Vale aclarar que cualquier narración pasa por un inevitable tamiz subjetivo. Siempre se cuenta desde un punto de vista determinado. Por esa razón, el periodista debe acercarse lo más posible a los hechos que quiere contar. Tiene que recolectar la mayor cantidad de datos y testimonios sobre lo ocurrido. Su capacidad profesional, en relación a cómo levantar esos datos, cómo chequearlos (comprobarlos) y, finalmente, la forma en que va a exponerlos harán la diferencia.

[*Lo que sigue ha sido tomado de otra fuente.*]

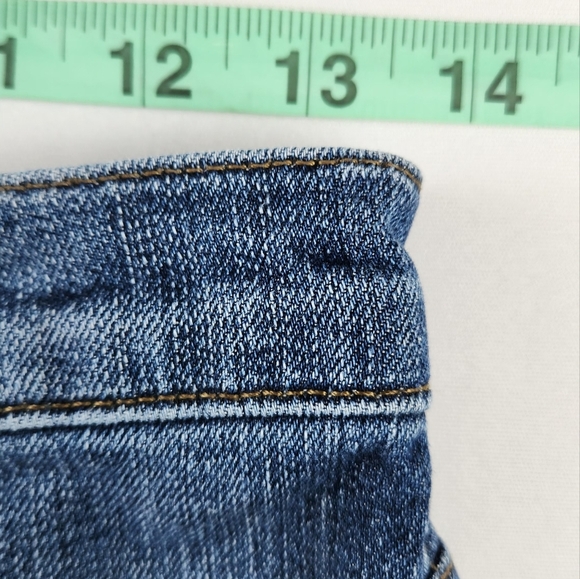 J. Crew Denim Shorts Women's Size 25 Cuffed Medium Wash Blue - Picture 4 of 4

La dedicación y el tiempo que se le dedican una tarea periodística tienen relación directa con los resultados. En Argentina se menciona a Rodolfo Walsh como una referencia fundamental del oficio y está muy bien. El autor de Operación Masacre no solo era un hombre talentoso y valiente. Era, además, un periodista tremendamente riguroso. Me gusta demostrarlo con un ejemplo menos citado que sus grandes investigaciones. En marzo de 1969 ya había publicado su célebre serie “La secta de la picana” donde revelaba, en cuatro notas, la brutal metodología de la policía bonaerense. Por entonces publicaba en el periódico de la CGT que tiempo después sería clausurado. Como necesitaba sobrevivir también colaboraba con otras publicaciones como la revista Siete Días. Para este semanario hizo una nota sobre el funcionamiento de la luz eléctrica en Buenos Aires. Según sus propias palabras invirtió, en la elaboración de ese trabajo, “60 páginas de apuntes y transcripciones, unas 30 páginas de borradores y 20 páginas de original, es decir 110 carillas dactilografiadas. Realicé unas seis horas de grabación. Invertí un total de 87 horas de trabajo, repartidas en 13 días o sea casi 7 horas diarias”. Esa manera de trabajar explica a Walsh tanto como sus imprescindibles investigaciones.

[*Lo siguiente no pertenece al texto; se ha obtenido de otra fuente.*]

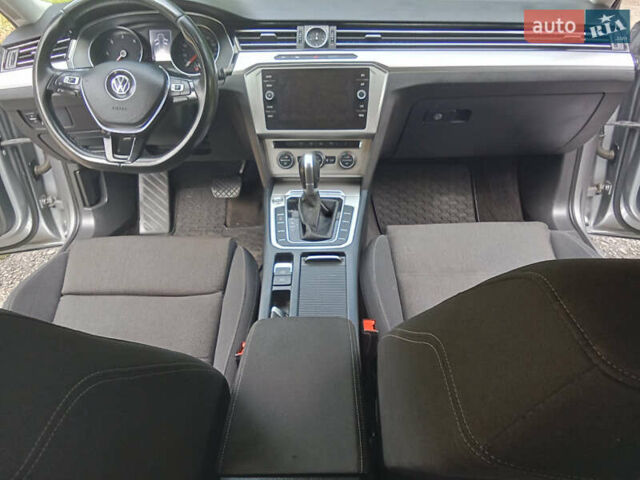 Серый Фольксваген Пассат, объемом двигателя 2 л и пробегом 315 тыс. км за 15500 $, фото 10 на Automoto.ua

Entre esa metodología que implica comprobar los datos, contrastar los hechos y revisar las distintas versiones antes de publicar y la liviandad con la que se suelen construir, en la actualidad, artículos en la prensa gráfica o emitir informes en televisión, hay un abismo. Sobran los ejemplos de programas televisivos construidos en base a información emanada de servicios de inteligencia.

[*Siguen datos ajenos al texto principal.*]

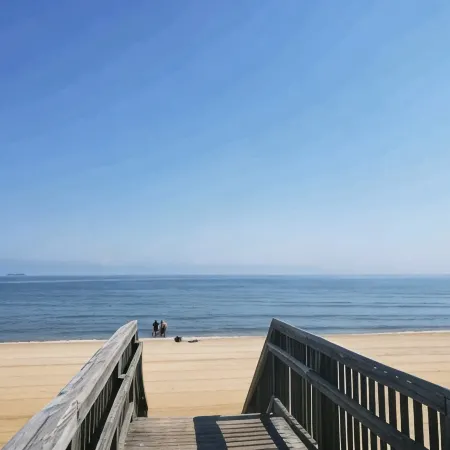 Sweet Retreat! Cozy 2 Bed & Bath By the Beach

Si se trabaja bien la diferencia entre distintos narradores de un mismo suceso será del orden de la interpretación y de la calidad narrativa pero también del rigor y la dedicación. Tendremos entonces diferentes relatos, determinados por la mirada personal, la experiencia y la capacidad profesional de cada cronista. Pero el hecho estaría allí, inalterable. Para seguir con Walsh la diferencia entre las notas que escribió para Siete Días y sus investigaciones sobre la policía bonaerense para el diario de la CGT, está determinada porque en estas últimas alguien con poder no quería que se conocieran esos hechos y, por lo tanto, se trataba de una producción con relevancia institucional. La crónica sobre la luz no implicaba ninguna denuncia. El método de trabajo es el mismo.

La mirada crítica
La subjetividad está determinada, entre otras cosas, por los intereses e ideología del periodista. Con todo, las creencias, ideas y posicionamiento político no deben vulnerar la verdad de los hechos. Para ejercer la subjetividad de un modo honesto hay que razonar de manera crítica. Y este es otro desafío, porque la crítica debe empezar por casa. Sin mirada crítica no se puede hacer buen periodismo.
La mayoría de las personas tienen ideas políticas y eso no los hace mejores o peores maestros, albañiles o arquitectos. Muchos, incluso, despliegan en su vida una militancia activa en defensa de sus ideas y eso no afecta la calidad de sus trabajos. Con el periodista debería ocurrir lo mismo. Un funcionario que delinque en el ejercicio de su gestión, por poner un ejemplo, es un corrupto pertenezca o no a un gobierno que cuenta con la simpatía política de quien narra los hechos. Una medida económica dañosa para la población o los abusos policiales no son menos graves si los aplican dirigentes con los que se coincide políticamente. O peor aún, si auspician con publicidad el diario o el programa donde se publica la información.
Lo más probable es que una crónica en La Nación y otra en Página/12, por poner dos ejemplos de diarios con perspectiva editoriales antagónicas, no cuenten un mismo hecho de igual manera. Lo que deben exigir los lectores de ambos diarios es que sus relatos sean fieles a los sucesos narrados más allá de las lecturas subjetivas del periodista que narra y del medio donde se publica.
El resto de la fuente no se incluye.